Thank you for your continued support for Next Step Pregnancy Services and its many clients, client families, and stories. Informed consent is freedom. Advocacy for the unborn is empowerment. Protecting those who are most vulnerable is our charge as Christians.
Here is an excerpt.
“Those who would trade our freedom for the soup kitchen of the welfare state have told us they have a utopian solution of peace without victory. They call their policy “accommodation.” And they say if we’ll only avoid any direct confrontation with the enemy, he’ll forget his evil ways and learn to love us. All who oppose them are indicted as warmongers. They say we offer simple answers to complex problems. Well, perhaps there is a simple answer – not an easy answer but simple: If you and I have the courage to tell our elected officials that we want our national policy based on what we know in our hearts is morally right.
We cannot buy our security, our freedom from the threat of the [bomb] (or imprisonment for daring to pray for and defend our fellow brothers and sisters in the womb) by committing an immorality so great as saying to a billion human beings now enslaved behind the Iron Curtain,(or in the womb) “Give up your dreams of freedom because to save our own skins, we’re willing to make a deal with your slave masters.”
Alexander Hamilton said, “A nation which can prefer disgrace to danger is prepared for a master, and deserves one.”
Now let’s set the record straight. There’s no argument over the choice between peace and war, but there’s only one guaranteed way you can have peace – and you can have it in the next second – surrender.

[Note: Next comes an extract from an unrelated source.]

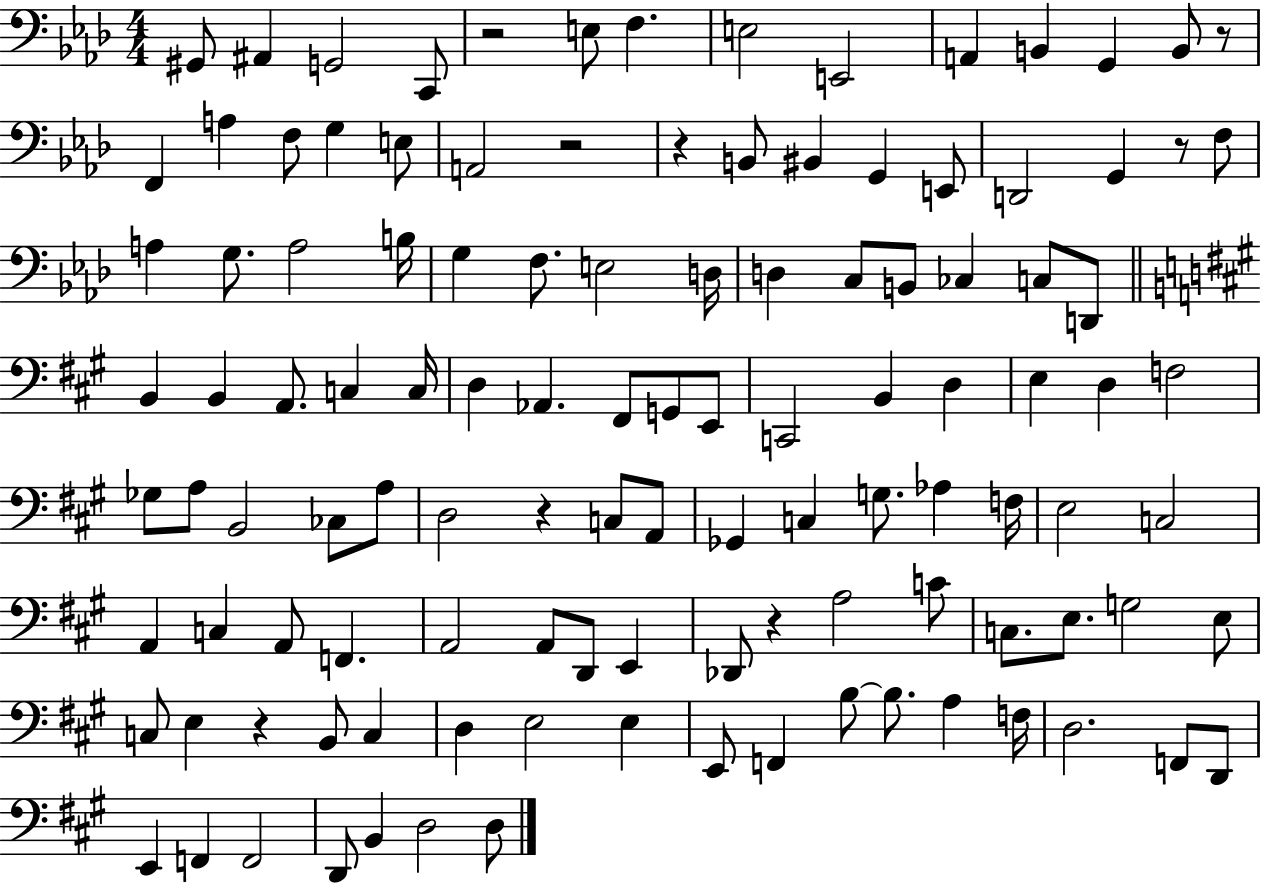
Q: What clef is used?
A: bass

Admittedly, there’s a risk in any course we follow other than this, but every lesson of history tells us that the greater risk lies in appeasement, and this is the specter our well-meaning liberal friends refuse to face, that their policy of accommodation is appeasement, and it gives no choice between peace and war, only between fight or surrender. If we continue to accommodate, continue to back and retreat, eventually we have to face the final demand, the ultimatum. And what then?
Someday when the time comes to deliver the final ultimatum, our surrender will be voluntary, because by that time we will have been weakened from within spiritually, morally, and economically. [He] believes this because from our side [he’s] heard voices pleading for “peace at any price” or as one commentator put it, he’d rather “live on his knees than die on his feet.” And therein lies the road to war, because those voices don’t speak for the rest of us.

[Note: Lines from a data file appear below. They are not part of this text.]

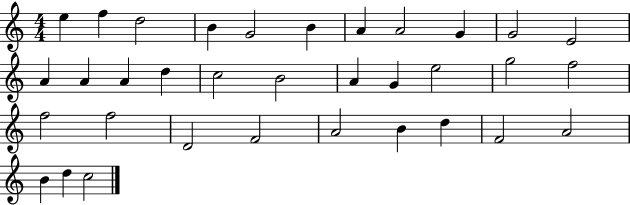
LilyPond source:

{
  \clef treble
  \numericTimeSignature
  \time 4/4
  \key c \major
  e''4 f''4 d''2 | b'4 g'2 b'4 | a'4 a'2 g'4 | g'2 e'2 | \break a'4 a'4 a'4 d''4 | c''2 b'2 | a'4 g'4 e''2 | g''2 f''2 | \break f''2 f''2 | d'2 f'2 | a'2 b'4 d''4 | f'2 a'2 | \break b'4 d''4 c''2 | \bar "|."
}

You and I know and do not believe that life is so dear and peace so sweet as to be purchased at the price of chains and slavery. If nothing in life is worth dying for, when did this begin – just in the face of this enemy? Or should Moses have told the children of Israel to live in slavery under the pharaohs? Should Christ have refused the cross? Should the patriots at Concord Bridge have thrown down their guns and refused to fire the shot heard ’round the world?

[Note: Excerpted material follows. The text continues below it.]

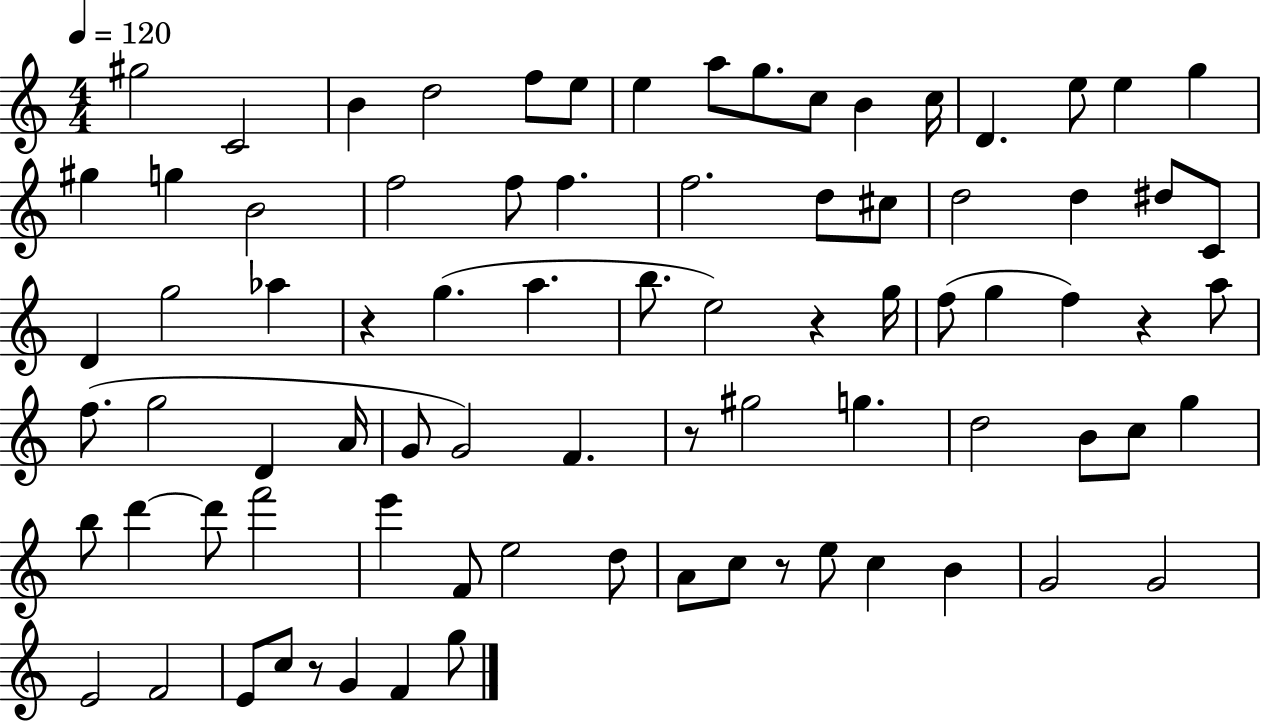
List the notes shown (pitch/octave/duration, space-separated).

G#5/h C4/h B4/q D5/h F5/e E5/e E5/q A5/e G5/e. C5/e B4/q C5/s D4/q. E5/e E5/q G5/q G#5/q G5/q B4/h F5/h F5/e F5/q. F5/h. D5/e C#5/e D5/h D5/q D#5/e C4/e D4/q G5/h Ab5/q R/q G5/q. A5/q. B5/e. E5/h R/q G5/s F5/e G5/q F5/q R/q A5/e F5/e. G5/h D4/q A4/s G4/e G4/h F4/q. R/e G#5/h G5/q. D5/h B4/e C5/e G5/q B5/e D6/q D6/e F6/h E6/q F4/e E5/h D5/e A4/e C5/e R/e E5/e C5/q B4/q G4/h G4/h E4/h F4/h E4/e C5/e R/e G4/q F4/q G5/e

The martyrs of history were not fools, and our honored dead who gave their lives to stop the advance of the Nazis didn’t die in vain. Where, then, is the road to peace? Well it’s a simple answer after all.
You and I have the courage to say to our enemies, “There is a price we will not pay.” “There is a point beyond which they must not advance.
” Winston Churchill said, “The destiny of man is not measured by material computations. When great forces are on the move in the world, we learn we’re spirits – not animals.” And he said, “There’s something going on in time and space, and beyond time and space, which, whether we like it or not, spells duty.”
You and I have a rendezvous with destiny.
We’ll preserve for our children this, the last best hope of man on earth, or we’ll sentence them to take the last step into a thousand years of darkness.
He (our Lord) has faith that you and I have the ability and the dignity and the right to make our own decisions and determine our own destiny. Thank you very much.”